Но не так относились к Гаазу многие из его сотоварищей. Его «выходки» нарушали спокойную бесцветность их занятий, его «самовольные распоряжения» оскорбляли целомудрие канцелярских предначертаний. И по мере того, как князь Голицын, дав первые толчки и общее направление новому делу, отдалялся от него, погруженный в сложную работу «хозяина Москвы», против Гааза образовывалась оппозиция, то тесно сплоченная, то неуловимая, но все-таки чувствуемая.

«Утрированному филантропу», который говорил о виденных им и сердечно разделенных нуждах людей, коих он прежде всего считал, несчастными, который писал в 1845 году, что члены тюремного общества «обязаны осуществлять намерение жить по-божески, т. е. чтобы правосудие сочеталось с милосердием и бог был бы виден во всех наших действиях», отвечали на «буквальный смысл» статей закона и параграфы уставов. Его своеобразно-красноречивые предложения «приобщались к делу», как не заслуживающие внимания, его просьбы и требования встречались оскорбительным молчанием. Особенно недовольно было им хозяйственное отделение комитета, стоявшее в отношениях своих к конторе тюремных больниц, где распоряжался Гааз, на чисто формальной почве. Оно не желало, например, сообщать конторе копий с контрактов на поставку съестных припасов, для проверки поставщиков, что было, как писал Гааз комитету в 1840 году, — «причиною неимоверного беспорядка, от которого сии больницы страждут». Между тем одно из заседаний хозяйственного отделения было открыто словами председателя: «Так как господин Гааз многими поступками отступил от правил при управлении тюремных больниц»… «Я взял смелость остановить его превосходительство, — пишет Гааз, — и спросить, какие поступки должен я здесь разуметь, но он, вместо ответа, опять повторил те же слова, а на мой вторичный вопрос в третий раз изволил произнести те же самые наречия. Я тогда принужден был встать с места и сказать: «Если вы полагаете себя вправе таким образом насчет меня выразиться без всякого объяснения, то я не могу оставаться в сем собрании», — на что его превосходительство адресовался к секретарю комитета со словами: «Не правда ли, ведь, были некоторые случаи, в которых господин Гааз действовал неправильно по управлению больницами?» — на что сей отвечал: «По другим предметам были некоторые такие действия господина Гааза, то и вероятно, что такие же были и по управлению больницами»… И сей ответ был принят без всякого примечания!»

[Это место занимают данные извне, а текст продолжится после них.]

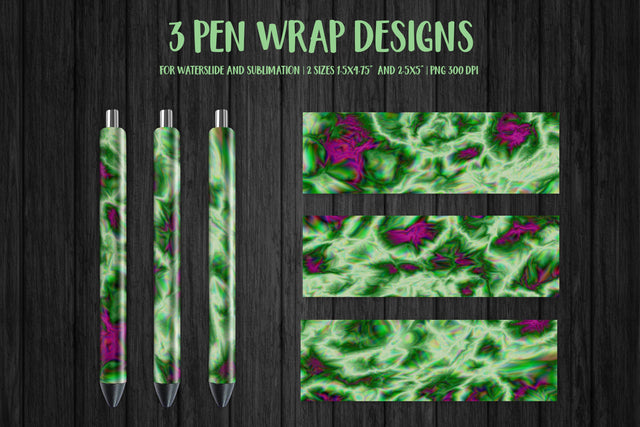 Green Abstract Pen Wrap Sublimation or Waterslide Sublimation LaBelezoka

Когда неусыпными трудами Гааза был устроен северный коридор тюремного замка, оказалось, что он сделал на 40 рублей сверхсметных расходов против ассигнованных ему 400 рублей, вместо просимых им 500 рублей. Об этой передержке была возбуждена обширная переписка, на 143 листах, продолжавшаяся два года. От Гааза было потребовано объяснение, и комитет посвятил не одно заседание обсуждению его неправильного и незаконного поступка. Указывая, что комитет гораздо милостивее относился к сверхсметным расходам, допущенным другими членами, признавая, что деньги были израсходованы «на предмет, достойный комитета», Гааз пишет в объяснении: «Мне поручено затруднительное дело, мне отказывают в нужных средствах и в то же время неумолимы в обсуждении моих действий и упущений. Меня спрашивают, могу ли оправдать свой поступок? Ответствую: я признаю, что располагать таким образом суммами, кои не выданы — есть род похищения. С сею же самою откровенностью признаюсь, что я одушевлен был мыслью о северном коридоре, и мне казалось, что действия мои заслуживают признательности комитета. Оказывается, что я ошибся и в том, что делал, и в том, что мыслил»… Кончилось тем, что он заплатил эти 40 рублей из своих скудных средств. То же самое повторилось и в 1840 году, когда Гааз произвел несколько необходимых и не терпящих отлагательств работ по расширению помещений Старо-Екатерининской больницы для приема погибавших от тифозной эпидемии арестантов и просил комитет уплатить рабочим 290 рублей ассигнациями. При обсуждении переписки, продолжавшейся два года, комитет, в 1842 году, после разных упреков по адресу Гааза, постановил: «Отныне на будущее время всякое распоряжение в постройках и починках по больничным зданиям господина Гааза воспретить», причем оскорбленный старик, видя, что его объяснений не слушают и смеются над его словами, «встал, поднял руку к небу, — как он сам пишет, — и голосом, которым кричат караул, кричал: «Объявляю, пред небом и землею, что мною в сем деле ничего противозаконного не сделано!»